In early 1990’s, the relations between India and Pakistan were strained due to Kashmiris freedom struggle. Both countries tried to resolve their dispute in late 1990’s, when Prime Minister Nawaz Sharif and Prime Minister I.K. Gujral initiated the idea of peace process. However, the peace talks were halted by the nuclear tests of 1998. The Agra Summit of 2001 also did not achieve the desired results.
During 2004-2007, with the resumption of Indo-Pakistan peace process in the post 9/11 scenario and post Indo-Pakistan border tension and military deployment, President Musharraf did make efforts to resolve the decades old Kashmir issue. Apart from signing the agreement for ceasefire at LOC, several proposals including four-point formula was presented by Musharraf to find possible solution to the Kashmir problem through dialogue but India on the pretext of Pakistan’s alleged involvement in Mumbai attacks of 2008 suspended the whole process of diplomatic talks. Even after resumption of peace process since 2011, no concrete steps have been taken by India to solve this 66 years old dispute, which has become a potential threat to the economy, trade, security and political harmony in the South Asian region.

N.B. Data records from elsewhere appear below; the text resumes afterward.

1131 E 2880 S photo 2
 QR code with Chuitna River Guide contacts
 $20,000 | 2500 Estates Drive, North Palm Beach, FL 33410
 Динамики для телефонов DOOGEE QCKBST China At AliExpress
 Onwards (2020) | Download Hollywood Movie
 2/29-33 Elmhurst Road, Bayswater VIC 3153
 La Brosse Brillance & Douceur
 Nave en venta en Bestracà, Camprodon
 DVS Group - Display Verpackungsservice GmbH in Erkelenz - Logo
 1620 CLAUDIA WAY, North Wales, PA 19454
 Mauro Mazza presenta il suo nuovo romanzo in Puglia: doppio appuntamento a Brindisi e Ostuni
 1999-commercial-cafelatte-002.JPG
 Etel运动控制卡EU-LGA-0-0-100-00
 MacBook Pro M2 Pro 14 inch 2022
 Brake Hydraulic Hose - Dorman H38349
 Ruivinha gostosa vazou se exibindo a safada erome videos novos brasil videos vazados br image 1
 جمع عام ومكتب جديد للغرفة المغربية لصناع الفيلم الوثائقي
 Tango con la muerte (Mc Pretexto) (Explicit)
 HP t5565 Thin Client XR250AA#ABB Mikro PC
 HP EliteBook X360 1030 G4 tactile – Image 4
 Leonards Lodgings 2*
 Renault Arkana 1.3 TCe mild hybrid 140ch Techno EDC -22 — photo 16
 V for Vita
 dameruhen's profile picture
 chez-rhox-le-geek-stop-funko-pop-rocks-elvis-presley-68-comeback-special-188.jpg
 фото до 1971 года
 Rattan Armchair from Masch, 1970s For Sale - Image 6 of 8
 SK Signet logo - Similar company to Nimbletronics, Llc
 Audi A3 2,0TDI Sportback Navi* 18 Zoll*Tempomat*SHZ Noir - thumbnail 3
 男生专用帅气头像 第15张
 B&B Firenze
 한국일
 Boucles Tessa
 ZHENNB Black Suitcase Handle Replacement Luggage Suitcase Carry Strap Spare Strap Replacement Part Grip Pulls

Glancing at the Human Rights situation in Kashmir, to crush the Kashmiri freedom struggle more than 60,000 Indian forces have been deployed in Indian Occupied Kashmir that operate under draconian laws such as POTA, TADA, AFSPA and PSA, which have given veto power to Indian army to exercise their authority to play havoc with the life, property and dignity of helpless Kashmiris. According to the Kashmir Media Service report, from January 1989 to November 2013, 93,957 innocent Kashmiris were killed including 7,014 custodial deaths, 122,541 arrests and destruction of 105,991 houses. Indian brutal security forces have made 107, 466 children orphan, 22,776 women widow and have gang raped 10,083 females in the Indian held Kashmir. Unfortunately, the world has become a silent observer over the Kashmir dispute and human rights violations in Indian Held Kashmir.
Simultaneously, Pak-India relations deteriorated owing to the hanging of Afzal Guru, State honoured funeral of Sarbjit Singh and LOC violations and cross border firing in 2013. The upcoming elections in India have opened new avenues for Pakistan to engage the new government in mutually finding meaningful grounds through which Kashmir issue could be resolved. Prime Minister Nawaz Sharif during his visit to Azad Jammu and Kashmir clearly illustrated the fundamental position of Pakistan on the core issue of Kashmir. Addressing a news conference at London, regarding his talks with the US leaders to help resolve the long standing issue of Jammu and Kashmir, the Prime Minister desired that “the US should play a role.” He added that although India did not want any US role in the matter, Pakistan would want the US to play such a role. The Indian rejection of PM’s statement requiring the US role clearly reflected India’s adamant approach on the Kashmir issue and its unwillingness to conduct a sustained dialogue with Pakistan to resolve the issue. Sustainable peace, co-operation and stability in South Asia were not possible unless the two main states of India and Pakistan resolved the core issue of Kashmir.
Realizing the significance of the Kashmir issue, IPRI is organizing this conference to revisit Kashmir policy and come forward with practical recommendations to find a comprehensive solution to the Kashmir cause.